• **WHAT NEEDS TO BE DONE**
In full and without alteration, print the records below, minus any images.

• **AVAILABLE DATA**
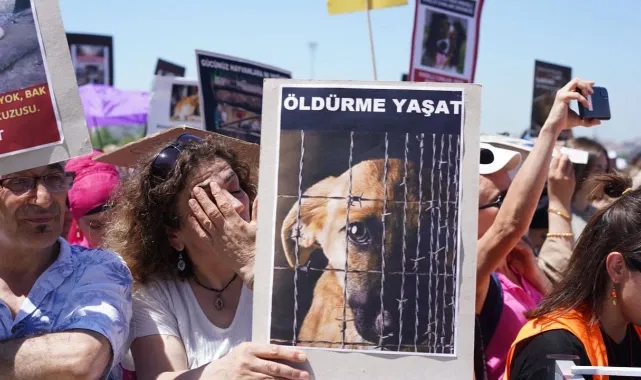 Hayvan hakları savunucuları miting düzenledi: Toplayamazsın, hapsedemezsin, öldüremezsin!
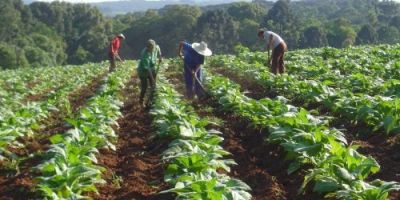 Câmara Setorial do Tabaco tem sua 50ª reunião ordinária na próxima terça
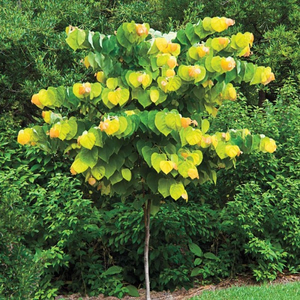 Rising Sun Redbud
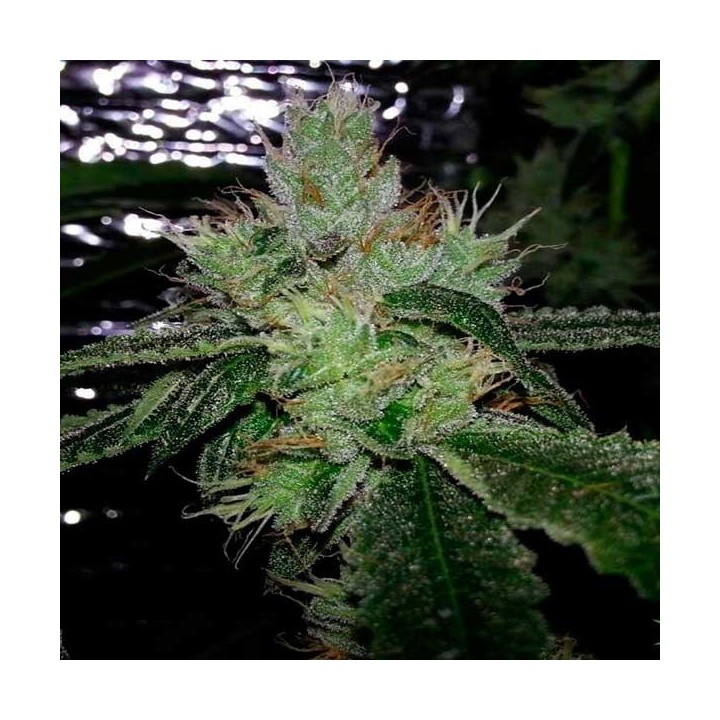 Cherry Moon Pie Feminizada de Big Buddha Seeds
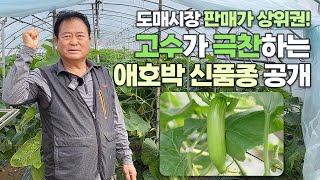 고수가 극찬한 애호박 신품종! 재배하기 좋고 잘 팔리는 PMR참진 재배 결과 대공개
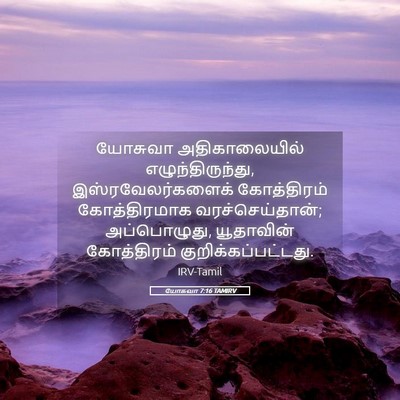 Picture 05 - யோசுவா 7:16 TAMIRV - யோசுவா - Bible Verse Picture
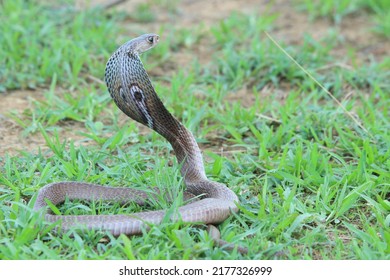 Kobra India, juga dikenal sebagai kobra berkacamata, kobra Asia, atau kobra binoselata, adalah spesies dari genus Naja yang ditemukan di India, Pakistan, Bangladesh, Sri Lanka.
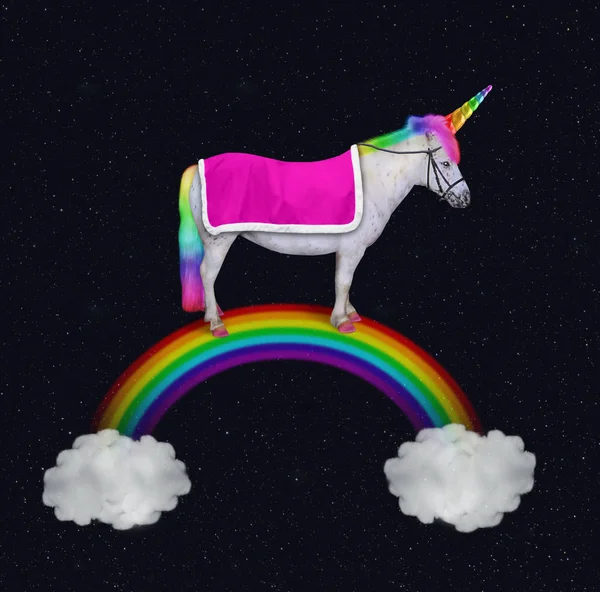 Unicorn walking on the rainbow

• **RESULT BELOW**
 Hayvan hakları savunucuları miting düzenledi: Toplayamazsın, hapsedemezsin, öldüremezsin!
 Câmara Setorial do Tabaco tem sua 50ª reunião ordinária na próxima terça
 Rising Sun Redbud
 Cherry Moon Pie Feminizada de Big Buddha Seeds
 고수가 극찬한 애호박 신품종! 재배하기 좋고 잘 팔리는 PMR참진 재배 결과 대공개
 Picture 05 - யோசுவா 7:16 TAMIRV - யோசுவா - Bible Verse Picture
 Kobra India, juga dikenal sebagai kobra berkacamata, kobra Asia, atau kobra binoselata, adalah spesies dari genus Naja yang ditemukan di India, Pakistan, Bangladesh, Sri Lanka.
 Unicorn walking on the rainbow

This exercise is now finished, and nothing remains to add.